▼▼▼
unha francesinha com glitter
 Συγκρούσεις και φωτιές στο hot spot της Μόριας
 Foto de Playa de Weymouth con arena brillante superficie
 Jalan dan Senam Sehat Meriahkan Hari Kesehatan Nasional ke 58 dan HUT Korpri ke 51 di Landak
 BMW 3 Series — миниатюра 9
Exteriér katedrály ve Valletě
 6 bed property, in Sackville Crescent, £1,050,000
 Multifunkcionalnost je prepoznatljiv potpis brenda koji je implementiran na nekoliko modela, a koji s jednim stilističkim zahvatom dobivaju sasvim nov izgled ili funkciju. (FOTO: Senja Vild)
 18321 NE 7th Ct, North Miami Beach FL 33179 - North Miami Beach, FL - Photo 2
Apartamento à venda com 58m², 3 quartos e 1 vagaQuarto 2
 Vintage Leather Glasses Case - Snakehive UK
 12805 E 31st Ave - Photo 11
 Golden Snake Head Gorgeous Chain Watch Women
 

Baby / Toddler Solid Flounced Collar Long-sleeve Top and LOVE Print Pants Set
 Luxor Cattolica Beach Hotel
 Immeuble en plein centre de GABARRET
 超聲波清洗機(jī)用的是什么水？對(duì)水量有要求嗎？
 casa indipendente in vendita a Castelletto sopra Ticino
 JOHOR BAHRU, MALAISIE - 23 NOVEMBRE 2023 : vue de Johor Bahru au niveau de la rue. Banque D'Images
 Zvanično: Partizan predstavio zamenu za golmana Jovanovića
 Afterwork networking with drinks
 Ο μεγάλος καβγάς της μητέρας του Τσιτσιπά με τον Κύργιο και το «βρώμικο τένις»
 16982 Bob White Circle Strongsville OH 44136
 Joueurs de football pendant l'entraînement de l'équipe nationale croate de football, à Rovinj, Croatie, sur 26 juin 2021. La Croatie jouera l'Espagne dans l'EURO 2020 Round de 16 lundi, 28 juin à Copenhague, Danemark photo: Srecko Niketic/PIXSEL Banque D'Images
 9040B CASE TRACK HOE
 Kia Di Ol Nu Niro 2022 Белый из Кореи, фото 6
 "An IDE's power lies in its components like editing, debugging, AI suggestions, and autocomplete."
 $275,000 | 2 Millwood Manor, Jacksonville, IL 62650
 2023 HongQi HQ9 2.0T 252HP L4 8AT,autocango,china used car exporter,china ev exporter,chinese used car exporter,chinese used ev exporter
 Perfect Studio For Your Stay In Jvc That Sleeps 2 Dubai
▲▲▲
### TASK PROMPT
Reproduce the listing above precisely.

### SOLUTION TO THE EXERCISE
unha francesinha com glitter
 Συγκρούσεις και φωτιές στο hot spot της Μόριας
 Foto de Playa de Weymouth con arena brillante superficie
 Jalan dan Senam Sehat Meriahkan Hari Kesehatan Nasional ke 58 dan HUT Korpri ke 51 di Landak
 BMW 3 Series — миниатюра 9
Exteriér katedrály ve Valletě
 6 bed property, in Sackville Crescent, £1,050,000
 Multifunkcionalnost je prepoznatljiv potpis brenda koji je implementiran na nekoliko modela, a koji s jednim stilističkim zahvatom dobivaju sasvim nov izgled ili funkciju. (FOTO: Senja Vild)
 18321 NE 7th Ct, North Miami Beach FL 33179 - North Miami Beach, FL - Photo 2
Apartamento à venda com 58m², 3 quartos e 1 vagaQuarto 2
 Vintage Leather Glasses Case - Snakehive UK
 12805 E 31st Ave - Photo 11
 Golden Snake Head Gorgeous Chain Watch Women
 

Baby / Toddler Solid Flounced Collar Long-sleeve Top and LOVE Print Pants Set
 Luxor Cattolica Beach Hotel
 Immeuble en plein centre de GABARRET
 超聲波清洗機(jī)用的是什么水？對(duì)水量有要求嗎？
 casa indipendente in vendita a Castelletto sopra Ticino
 JOHOR BAHRU, MALAISIE - 23 NOVEMBRE 2023 : vue de Johor Bahru au niveau de la rue. Banque D'Images
 Zvanično: Partizan predstavio zamenu za golmana Jovanovića
 Afterwork networking with drinks
 Ο μεγάλος καβγάς της μητέρας του Τσιτσιπά με τον Κύργιο και το «βρώμικο τένις»
 16982 Bob White Circle Strongsville OH 44136
 Joueurs de football pendant l'entraînement de l'équipe nationale croate de football, à Rovinj, Croatie, sur 26 juin 2021. La Croatie jouera l'Espagne dans l'EURO 2020 Round de 16 lundi, 28 juin à Copenhague, Danemark photo: Srecko Niketic/PIXSEL Banque D'Images
 9040B CASE TRACK HOE
 Kia Di Ol Nu Niro 2022 Белый из Кореи, фото 6
 "An IDE's power lies in its components like editing, debugging, AI suggestions, and autocomplete."
 $275,000 | 2 Millwood Manor, Jacksonville, IL 62650
 2023 HongQi HQ9 2.0T 252HP L4 8AT,autocango,china used car exporter,china ev exporter,chinese used car exporter,chinese used ev exporter
 Perfect Studio For Your Stay In Jvc That Sleeps 2 Dubai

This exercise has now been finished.